Changes made in response to first wave of feedback (up to 4th November 2014):

  1. Explicit notes of the following added to the front page of the survey:
    a. This survey is not suitable for surveying patients or clients who are being cared for in their own homes.
    b. This survey is not suitable for surveying patients or clients in an outpatient (clinic) setting.
    c.
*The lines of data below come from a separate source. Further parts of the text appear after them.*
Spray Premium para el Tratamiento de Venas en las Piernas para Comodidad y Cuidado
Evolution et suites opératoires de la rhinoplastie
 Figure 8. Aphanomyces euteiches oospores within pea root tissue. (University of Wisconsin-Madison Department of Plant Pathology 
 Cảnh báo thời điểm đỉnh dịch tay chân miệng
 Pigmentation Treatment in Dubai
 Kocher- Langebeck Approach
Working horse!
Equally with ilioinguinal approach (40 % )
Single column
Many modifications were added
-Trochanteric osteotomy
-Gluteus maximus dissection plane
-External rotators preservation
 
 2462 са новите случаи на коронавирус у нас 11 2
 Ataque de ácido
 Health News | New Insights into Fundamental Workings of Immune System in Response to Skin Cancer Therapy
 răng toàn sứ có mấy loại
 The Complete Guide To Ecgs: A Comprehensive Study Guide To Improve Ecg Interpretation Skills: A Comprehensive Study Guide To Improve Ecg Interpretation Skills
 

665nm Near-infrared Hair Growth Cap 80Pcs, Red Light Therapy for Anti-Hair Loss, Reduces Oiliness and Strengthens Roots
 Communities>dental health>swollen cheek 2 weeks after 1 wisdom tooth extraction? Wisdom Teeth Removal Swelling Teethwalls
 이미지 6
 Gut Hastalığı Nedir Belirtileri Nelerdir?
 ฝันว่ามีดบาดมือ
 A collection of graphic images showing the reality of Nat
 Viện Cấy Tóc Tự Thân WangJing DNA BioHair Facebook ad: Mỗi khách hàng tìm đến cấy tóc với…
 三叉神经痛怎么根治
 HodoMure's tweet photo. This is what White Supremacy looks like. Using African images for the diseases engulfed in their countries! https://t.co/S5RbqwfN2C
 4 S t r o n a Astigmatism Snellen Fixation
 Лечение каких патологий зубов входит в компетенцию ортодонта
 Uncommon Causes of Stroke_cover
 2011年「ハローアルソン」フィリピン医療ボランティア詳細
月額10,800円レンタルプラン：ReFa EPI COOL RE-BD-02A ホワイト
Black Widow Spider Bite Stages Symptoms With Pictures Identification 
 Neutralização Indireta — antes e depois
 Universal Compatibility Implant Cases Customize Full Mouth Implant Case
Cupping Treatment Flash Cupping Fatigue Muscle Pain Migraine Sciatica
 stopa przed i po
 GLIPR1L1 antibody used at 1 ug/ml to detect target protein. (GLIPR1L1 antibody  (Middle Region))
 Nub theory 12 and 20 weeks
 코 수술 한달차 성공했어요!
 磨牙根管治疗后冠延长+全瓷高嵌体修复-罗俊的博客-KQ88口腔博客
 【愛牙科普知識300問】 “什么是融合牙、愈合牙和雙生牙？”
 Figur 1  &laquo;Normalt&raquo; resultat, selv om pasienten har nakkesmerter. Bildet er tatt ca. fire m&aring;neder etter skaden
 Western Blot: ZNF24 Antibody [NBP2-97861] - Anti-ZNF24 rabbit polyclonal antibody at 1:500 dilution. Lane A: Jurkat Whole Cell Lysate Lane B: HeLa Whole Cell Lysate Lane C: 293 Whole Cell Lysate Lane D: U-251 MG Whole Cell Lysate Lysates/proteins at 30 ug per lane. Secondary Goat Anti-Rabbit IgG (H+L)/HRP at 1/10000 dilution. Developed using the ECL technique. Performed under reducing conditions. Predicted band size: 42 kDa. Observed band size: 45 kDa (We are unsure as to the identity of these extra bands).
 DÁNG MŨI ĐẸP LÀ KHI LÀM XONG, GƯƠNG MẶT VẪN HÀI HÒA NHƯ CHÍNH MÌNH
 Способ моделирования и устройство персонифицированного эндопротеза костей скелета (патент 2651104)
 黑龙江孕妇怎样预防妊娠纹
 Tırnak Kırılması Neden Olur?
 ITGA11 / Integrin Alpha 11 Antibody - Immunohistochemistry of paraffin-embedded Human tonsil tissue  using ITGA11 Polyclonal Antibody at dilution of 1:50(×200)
The tool has been explicitly designed for use with adult patients and clients only.
  2. Deletion of the ‘patient reference’ question
  3. Additional checkbox for oedema in patients/clients who are identified with renal, liver or heart failure diagnoses
  4. Simplification of the questions with regard to weight, and inclusion of a checkbox to indicate whether weight and weight loss has been estimated or not
  5. Addition of an e-mail address field to enable ongoing contact with testers

Highlight results from the testing (up to 4th November 2014):

  • 134 responses, 17 incomplete.
  • Good spread across England, Wales, NI and Scotland
  • Top specialties:
    • General medicine (17.16%)
    • Gastroenterology (12.69%)
    • Mixed care (12.69%)
    • Clinical oncology (8.21%)
    • General surgery (8.21%)
  • 71.79% in acute setting.  No responses from community hospitals.
  • Mainly dietitians undertaking the survey (73.13%)
  • Fairly even spread across adult age groups, much lower for under 18s
  • Range of feeding routes, although less in ‘altered textures’
  • Diagnoses:
    • Mostly gastroenterology and liver disease (34.52%)
    • Otherwise a wide range of diagnosis groups
    • Looking at the details, very wide ranging
  • Lots of ‘skips’ for weight data entry suggesting an issue with complexity
  • 47% report less than 5 minutes per patient to complete.  No-one reported taking more than 15 minutes.
  • Over 80% report ‘very simple’ or ‘fairly simple’ to use
  • 40% recommended deleting the patient experience questions and 28% wanted to take out the diagnosis element
  • 96.6% felt the tool was extremely relevant or relevant to some extent
  • 31% felt that there were questions that could be usefully added; key themes were:
    • Inclusion of other screening tools (other than ‘MUST’)
    • Was ‘MUST’ score accurately calculated?
    • Was weight estimated?
    • Correction of weight for ascites oedema
    • Have your individual food preferences been taken into consideration? 
    • Do you have any difficulties chewing or swallowing? 
    • How is your appetite compared to normal/ before you were ill?